Ca/calmodulin-dependent protein kinase II (CaMKII) was shown to increase diastolic sarcoplasmic reticulum (SR) Ca leak, which can result in delayed afterdepolarizations and triggered arrhythmias. Since increased CaMKII expression and activity has been mechanistically linked to arrhythmias in human heart failure (HF) and atrial fibrillation (AF), specific strategies aimed at CaMKII inhibition may have therapeutic potential.

We tested the antiarrhythmic and inotropic effects of a novel selective and ATP-competitive CaMKII inhibitor (GS-680).

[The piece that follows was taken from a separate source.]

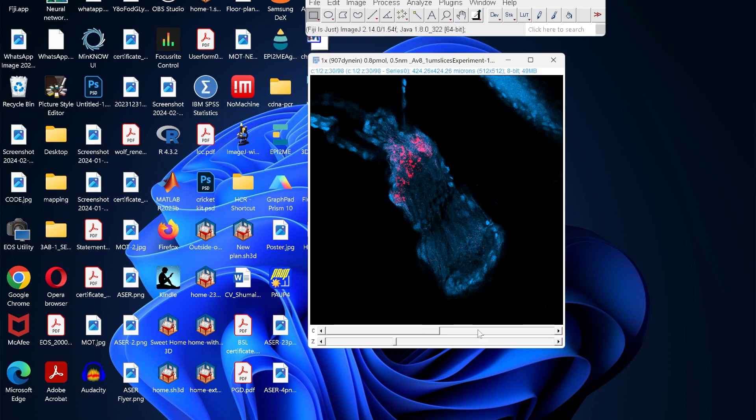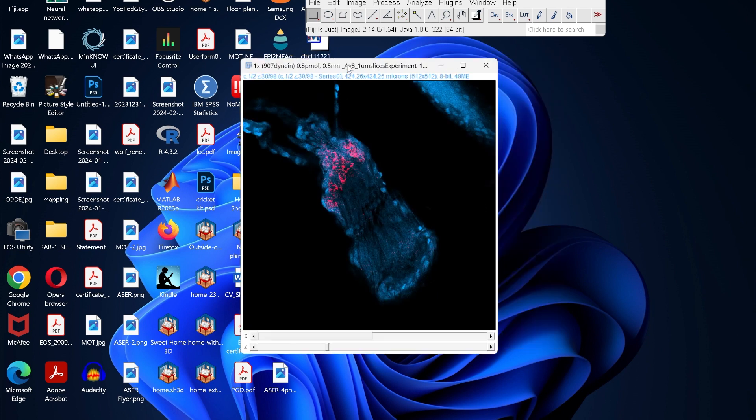For example, this image has two different channels. If you want to split these channels and see the individual channels, we can easily do that.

Trabeculae were isolated from right atrial appendage biopsies of patients undergoing cardiac surgery. Premature atrial contractions (PACs) were induced by stimulation with isoproterenol (ISO, 100 nM) at increased [Ca]_o (3.5 mM). Interestingly, compared to vehicle, PACs were significantly inhibited by exposure to GS-680 (at 100 and 300 nM). GS-680 also significantly decreased early and delayed afterdepolarizations in isolated human atrial myocytes. Moreover, GS-680 (at 100 or 300 nM) significantly inhibited diastolic SR Ca leak, measured as frequency of spontaneous SR Ca release events (Ca sparks) in isolated human atrial myocytes (Fluo-4 loaded) similar to the well-established peptide CaMKII inhibitor AIP. In accordance, GS-680 significantly reduced CaMKII autophosphorylation (Western blot) but enhanced developed tension after 10 or 30 s pause of electrical stimulation (post-rest behavior). Surprisingly, we found a strong negative inotropic effect of GS-680 in atrial trabeculae at 1 Hz stimulation rate, which was not observed at 4 Hz and abolished by beta-adrenergic stimulation. In contrast, GS-680 did not impair systolic force of isolated ventricular trabeculae from explanted hearts of heart transplant recipients at 1 Hz, blunted the negative force-frequency relationship (1–3 Hz) and significantly increased the Ca transient amplitude.

The novel ATP-competitive and selective CaMKII inhibitor GS-680 inhibits pro-arrhythmic activity in human atrium and improves contractility in failing human ventricle, which may have therapeutic implications.